Update the Lambda parameters of clusters.

Description

Updates the Lambda parameters to maximize the likelihood of the data under Mallows' model.

Usage

UpdateLambda(r, R, z, G, dists.to.Rg, dists.table,
    top.bound = 1000)

Arguments

r

Matrix of partial rankings.

R

Current modal sequences.

z

Current probabilities of memberships in each cluster.

G

Number of modal sequences.

dists.to.Rg

Matrix of the distances between the data and the current modal sequences.

dists.table

Table of the distance distribution in N! space, under Kendall's metric.

top.bound

The maximum value for the lambda parameter.

Value

Vector of new lambda parameters for the clusters.

Author(s)

Erik Gregory

References

"Mixtures of distance-based models for ranking data". Thomas Brendan Murphy & Donal Martin. 1 April 2002. Computational Statistics & Data Analysis 41 (2003) 645-655.


Update Proportion in each cluster.

Description

Updates the proportion of data assigned to each cluster.

Usage

UpdateP(z)

Arguments

z

Probabilities that each sequence is in each cluster.

Value

Proportion of data in each cluster.

Author(s)

Erik Gregory

References

"Mixtures of distance-based models for ranking data". Thomas Brendan Murphy & Donal Martin. 1 April 2002. Computational Statistics & Data Analysis 41 (2003) 645-655.

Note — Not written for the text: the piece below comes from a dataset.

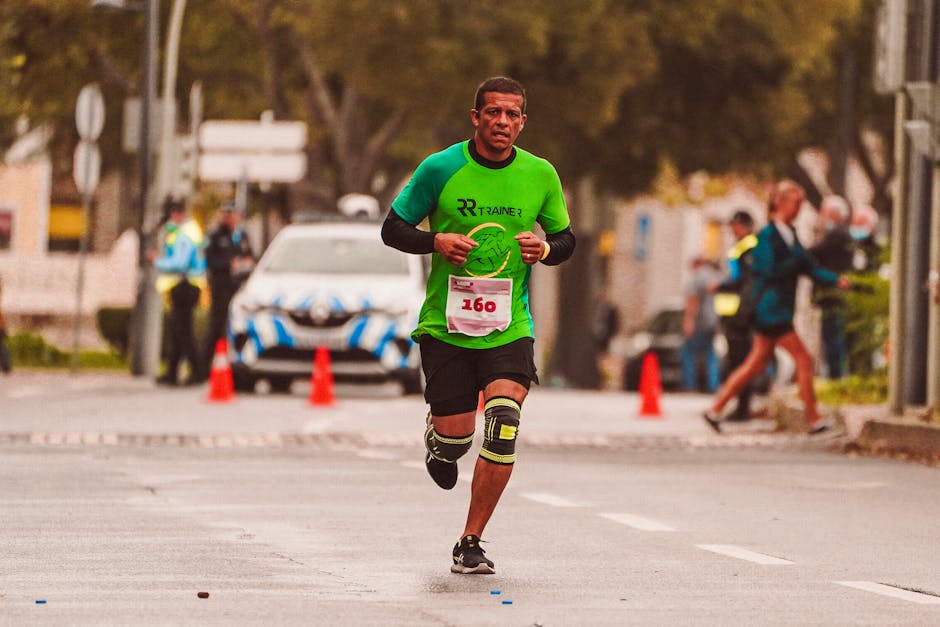 Profesionales discutiendo estrategias en una sala de reuniones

Update modal sequences in each cluster.

Description

Maximizes the likelihood of the data by updating the cluster centers of the model.

Usage

UpdateR(r, z, infos = NULL)

Arguments

r

Matrix of sequences being clustered.

z

Probability of cluster membership for each sequence and each cluster.

infos

The KendallInfo matrix for "r".

Value

New cluster centers for each cluster.

Author(s)

Erik Gregory

References

"Mixtures of distance-based models for ranking data". Thomas Brendan Murphy & Donal Martin. 1 April 2002. Computational Statistics & Data Analysis 41 (2003) 645-655.